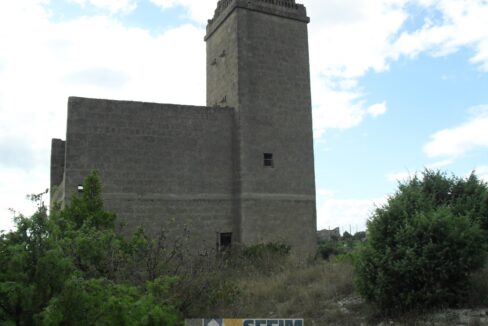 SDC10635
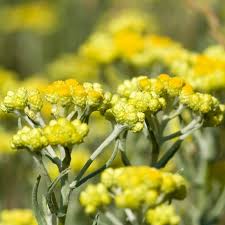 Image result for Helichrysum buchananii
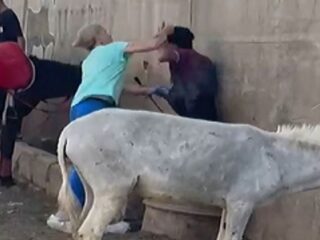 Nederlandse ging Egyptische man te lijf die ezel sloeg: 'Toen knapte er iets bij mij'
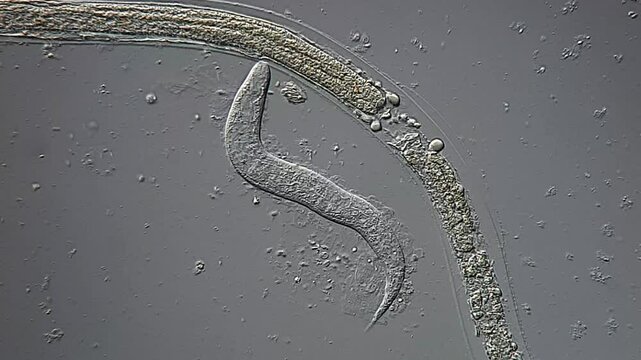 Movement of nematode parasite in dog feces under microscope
---
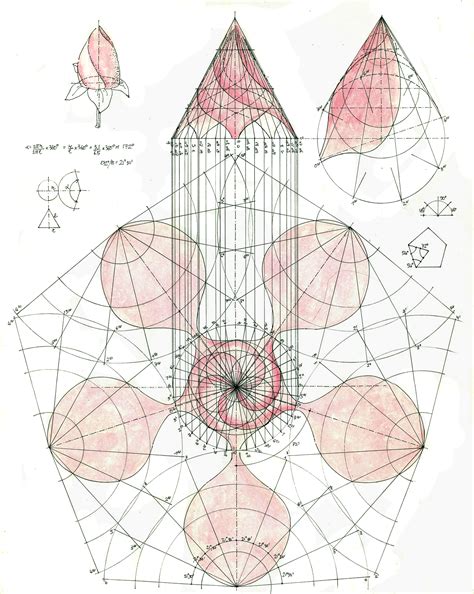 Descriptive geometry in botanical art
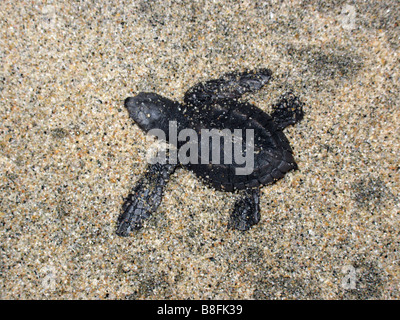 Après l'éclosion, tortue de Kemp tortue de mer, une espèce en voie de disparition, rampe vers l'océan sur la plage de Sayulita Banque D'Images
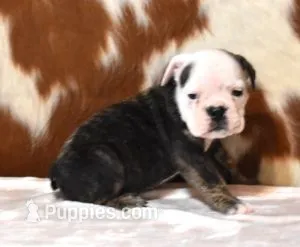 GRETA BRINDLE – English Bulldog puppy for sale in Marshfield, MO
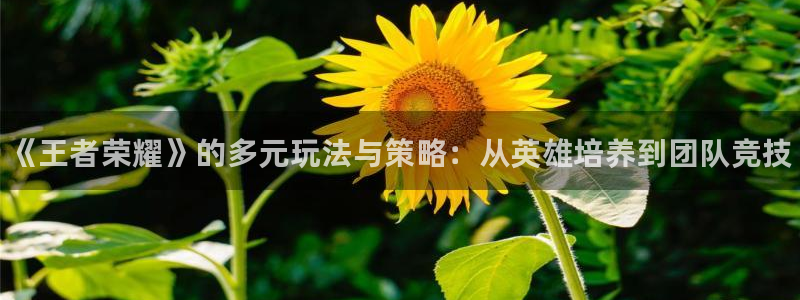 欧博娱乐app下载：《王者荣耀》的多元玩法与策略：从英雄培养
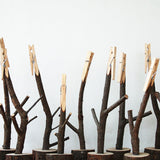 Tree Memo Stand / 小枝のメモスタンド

**Task goal**:
Above are the records; please give again, exactly and in full, only the lines that run from the line with "Après l'éclosion, tortue" through the line with "Tree Memo Stand / 小枝のメモスタンド", with no pictures.

**Answer**:
 Après l'éclosion, tortue de Kemp tortue de mer, une espèce en voie de disparition, rampe vers l'océan sur la plage de Sayulita Banque D'Images
 GRETA BRINDLE – English Bulldog puppy for sale in Marshfield, MO
 欧博娱乐app下载：《王者荣耀》的多元玩法与策略：从英雄培养
 Tree Memo Stand / 小枝のメモスタンド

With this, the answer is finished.